_Data excerpt:_
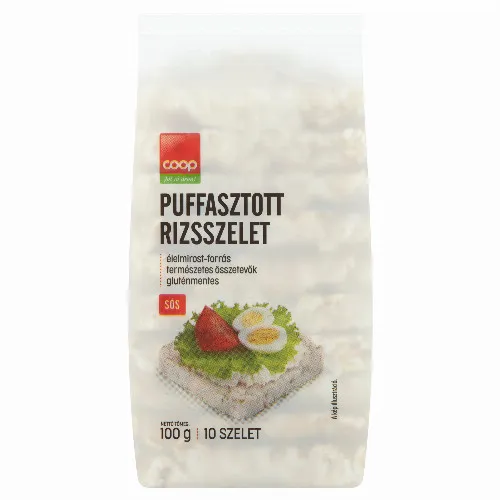 Coop sós puffasztott rizsszelet 10 db 100 g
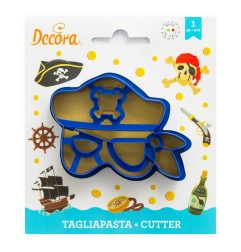 TAGLIAPASTA MASCHERA PIRATA PLASTICA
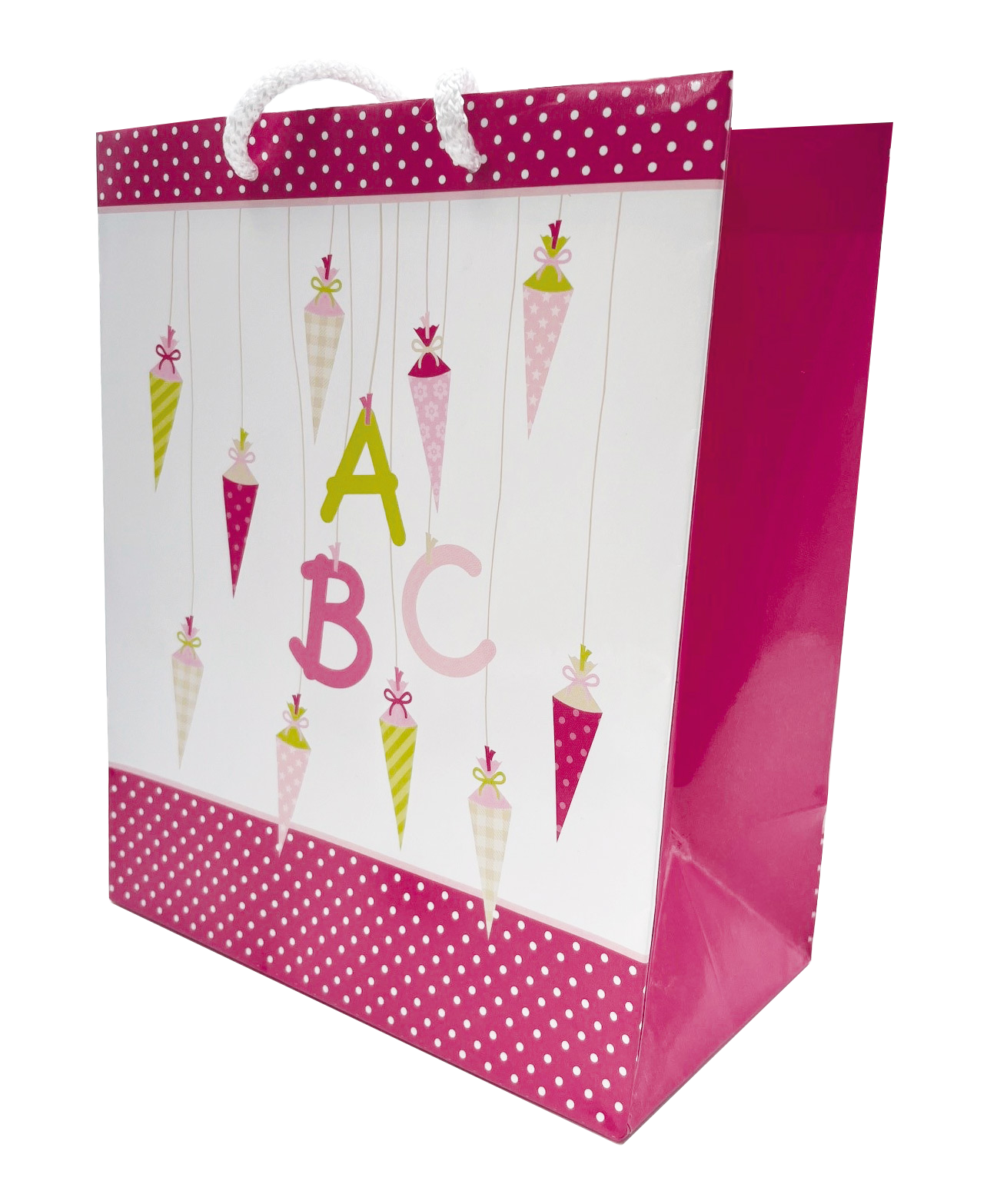 Geschenkbeutel ABC rosa (klein)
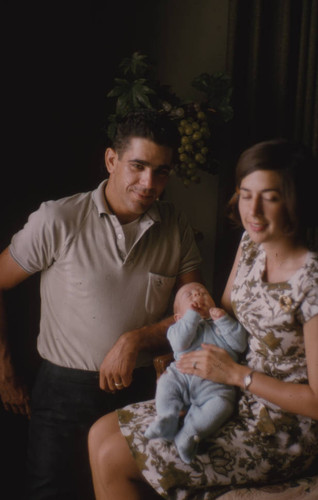 Ken and Regina Peters with baby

_The problem:_ Your answer should be the lines from the line containing "Geschenkbeutel ABC rosa (klein)" through the end of the listing above, output exactly and alone, without the pictures.

_Written response:_
 Geschenkbeutel ABC rosa (klein)
 Ken and Regina Peters with baby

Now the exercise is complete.